Celui dont les brillants faits d’armes ont attaché le nom aux plus belles pages de nos annales militaires, qui fut le compagnon, l’émule, et l’ami de Kléber et de Moreau ; celui à qui l’armée décernait avec enthousiasme le titre d’Infatigable et de Brave des braves ; qui, tout entier à sa patrie, à la gloire, ne connut des troubles révolutionnaires que les dangers, et ne participa jamais à ces excès ; cet homme, au plus haut degré que l’ambition put lui faire désirer, comblé des faveurs royales, tout-à-coup forfait à des devoirs qu’il s’était lui-même imposés, à des serments qu’il avait pu ne pas faire, et, jouet infortuné des chances incertaines et des revirements politiques, subit, bientôt après, le supplice réservé aux traitres ! Déjà vingt-cinq années d’illustration et de services éminents sont presque oublies ; une heure de faiblesse en a terni l’éclat : et les cendres du héros gisent sans épitaphe, sans mausolée, dans un endroit presque ignoré du cimetière de Mont-Louis[1] !
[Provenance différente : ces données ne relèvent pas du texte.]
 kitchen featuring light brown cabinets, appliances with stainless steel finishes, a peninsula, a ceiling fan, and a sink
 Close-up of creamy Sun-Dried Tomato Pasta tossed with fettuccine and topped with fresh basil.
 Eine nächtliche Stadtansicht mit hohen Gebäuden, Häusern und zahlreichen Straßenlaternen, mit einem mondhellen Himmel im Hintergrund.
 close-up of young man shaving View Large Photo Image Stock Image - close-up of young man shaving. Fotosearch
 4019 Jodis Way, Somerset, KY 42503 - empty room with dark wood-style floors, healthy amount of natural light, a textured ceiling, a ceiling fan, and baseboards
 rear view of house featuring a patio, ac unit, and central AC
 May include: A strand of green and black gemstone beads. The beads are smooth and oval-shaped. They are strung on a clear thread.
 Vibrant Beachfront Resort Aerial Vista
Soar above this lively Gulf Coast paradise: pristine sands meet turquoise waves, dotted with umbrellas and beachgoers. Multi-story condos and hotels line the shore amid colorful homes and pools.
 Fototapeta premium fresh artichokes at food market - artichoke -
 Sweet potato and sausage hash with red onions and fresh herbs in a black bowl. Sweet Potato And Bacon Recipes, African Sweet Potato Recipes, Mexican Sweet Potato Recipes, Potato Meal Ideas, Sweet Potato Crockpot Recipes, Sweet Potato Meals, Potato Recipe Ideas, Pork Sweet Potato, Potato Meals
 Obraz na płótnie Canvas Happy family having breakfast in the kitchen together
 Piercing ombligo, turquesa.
Mais la vie militaire et politique, les erreurs et la mort du maréchal Ney, appartiennent à l’histoire. Les contemporains l’ont jugé, la postérité voudra le connaitre, et nous avons dû lui consacrer une page dans ce Recueil.
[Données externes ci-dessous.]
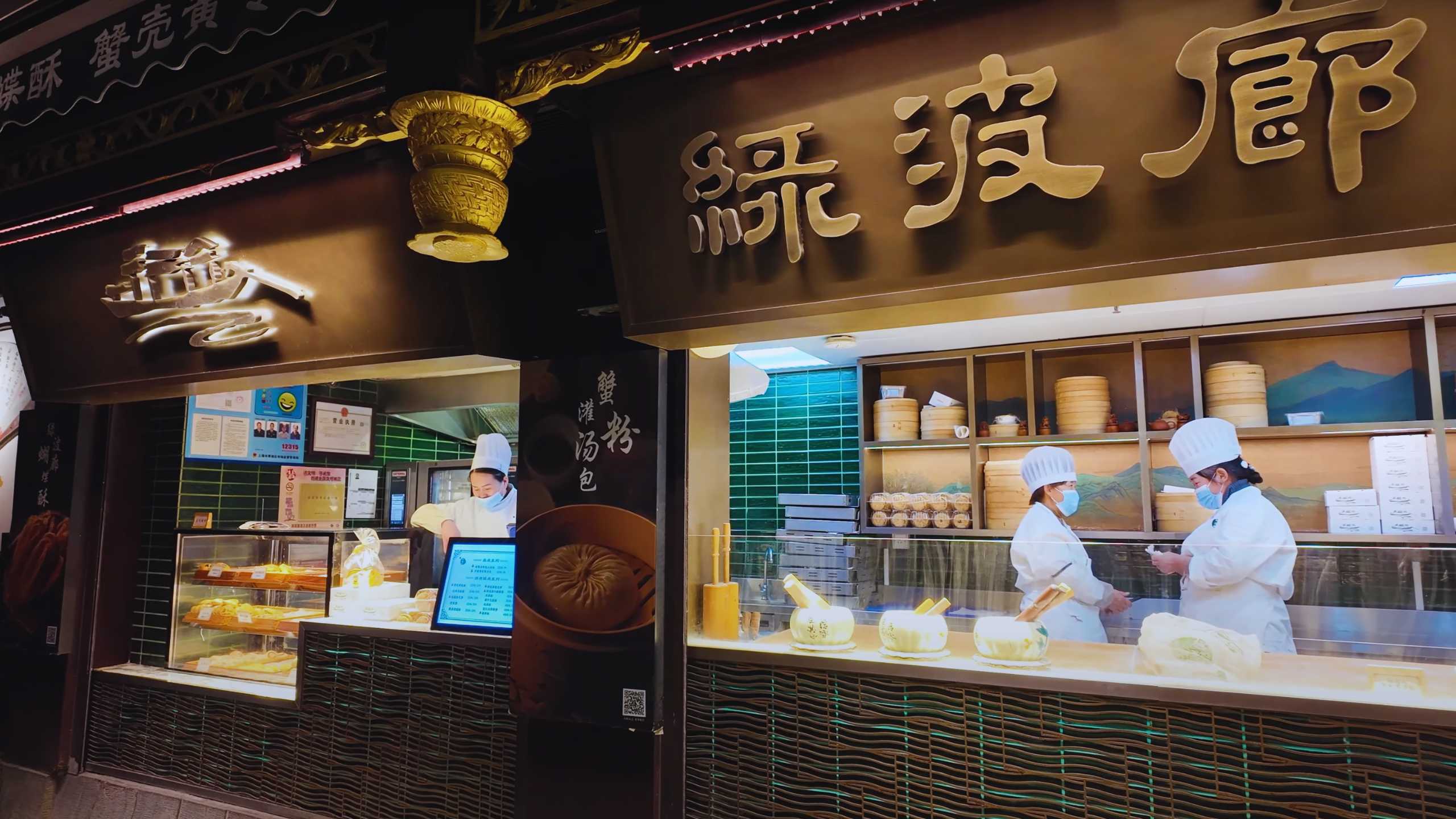 Chefs preparing traditional buns in an open kitchen with authentic decor.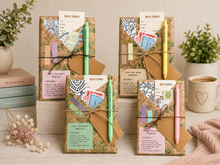 book gifts wrapped in floral paper and twine, each with a pen tucked inside, displayed on a tabletop with books, plants, and a cup in a styled home setting.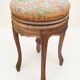 Swivel piano stool with screw, Louis XV style, in walnut.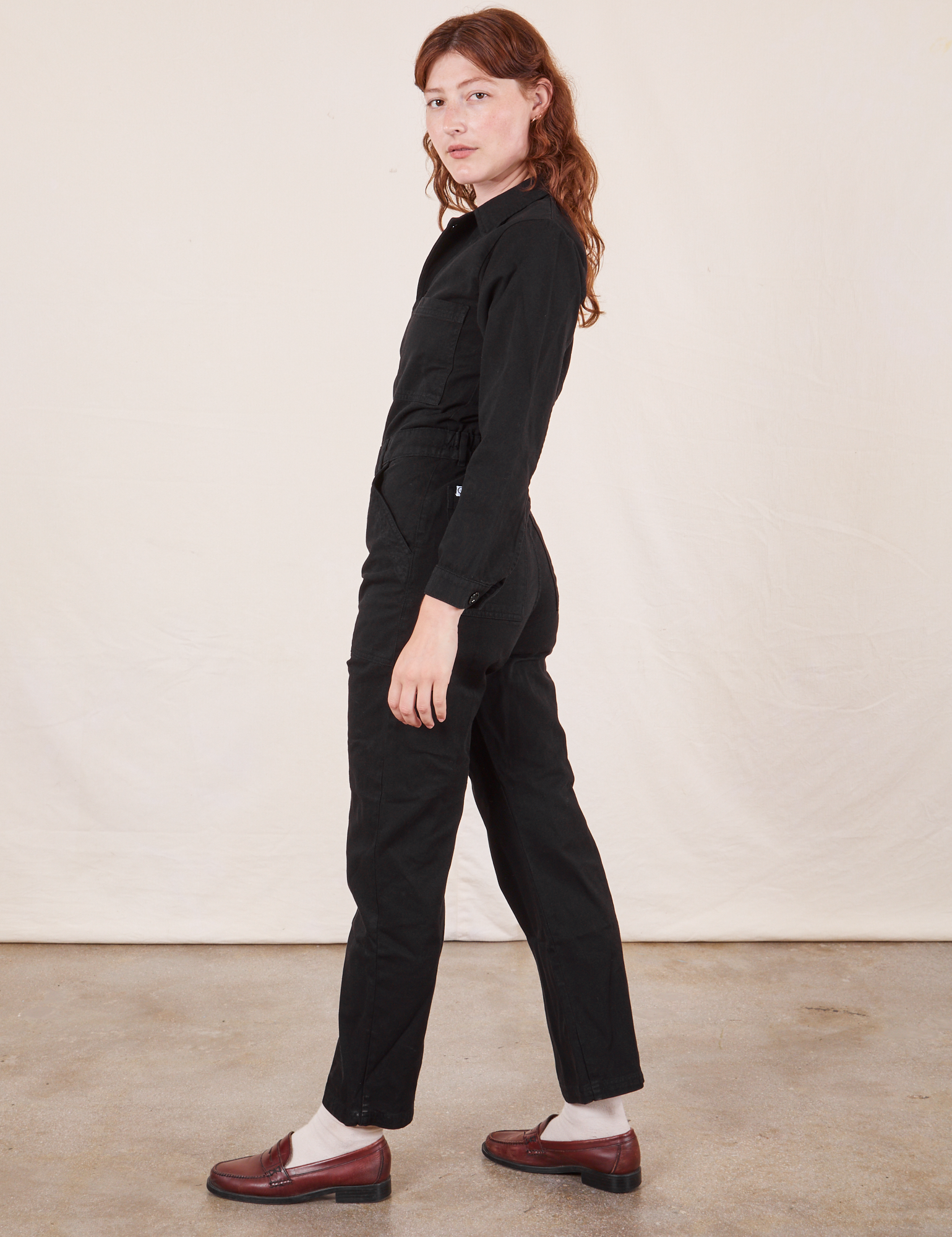 Side view of Everyday Jumpsuit in Basic Black worn by Alex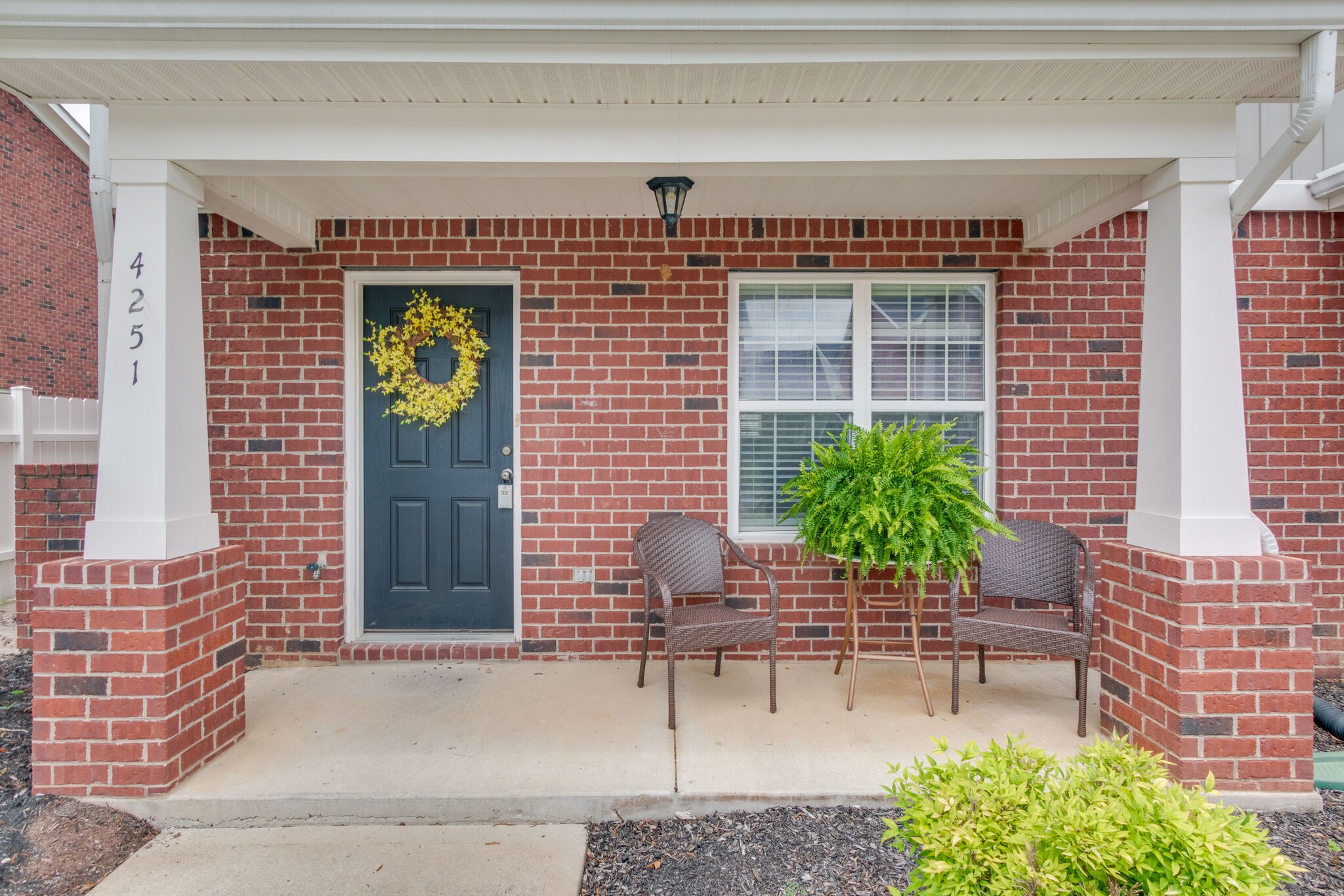 4251 Aurora Circle Murfreesboro, TN 37127 - Photo 2 of 11 a house with a bench and potted plants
C’est non loin des pyramides en marbre, des sarcophages pompeux de ses anciens compagnons dont il partagea souvent les lauriers, que sont déposés, sous un humble gazon, sans aucun signe extérieur, les restes oubliés du maréchal Ney. Là, souvent le philosophe arrête ses pas : le hasard lui a révélé le secret de la tombe ! il observe en silence et médite péniblement sur les étranges et funestes effets des dissensions civiles…
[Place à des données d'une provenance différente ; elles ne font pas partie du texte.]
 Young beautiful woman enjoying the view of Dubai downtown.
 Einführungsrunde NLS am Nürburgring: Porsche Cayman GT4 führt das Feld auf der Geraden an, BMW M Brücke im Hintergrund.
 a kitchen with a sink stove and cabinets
  1. Un modeste monument fut d’abord élevé sur la tombe du maréchal Ney ; mais bientôt, objet d’un culte fanatique, jonché chaque jour de fleurs et de couronnes, et couvert d’inscriptions inconvenantes, on a cru devoir le faire disparaitre. Le corps fut placé secrètement dans un autre endroit du cimetière, et le bruit se répandit que la famille l’avait fait transporter dans une terre éloignée. Le secret fut bientôt découvert, mais respecté, et le nom du maréchal, mille fois inscrit par les curieux sur la grille qui entoure le nouveau lieu de sa sépulture, est le seul hommage tacite qu’on se soit permis de rendre depuis à sa mémoire.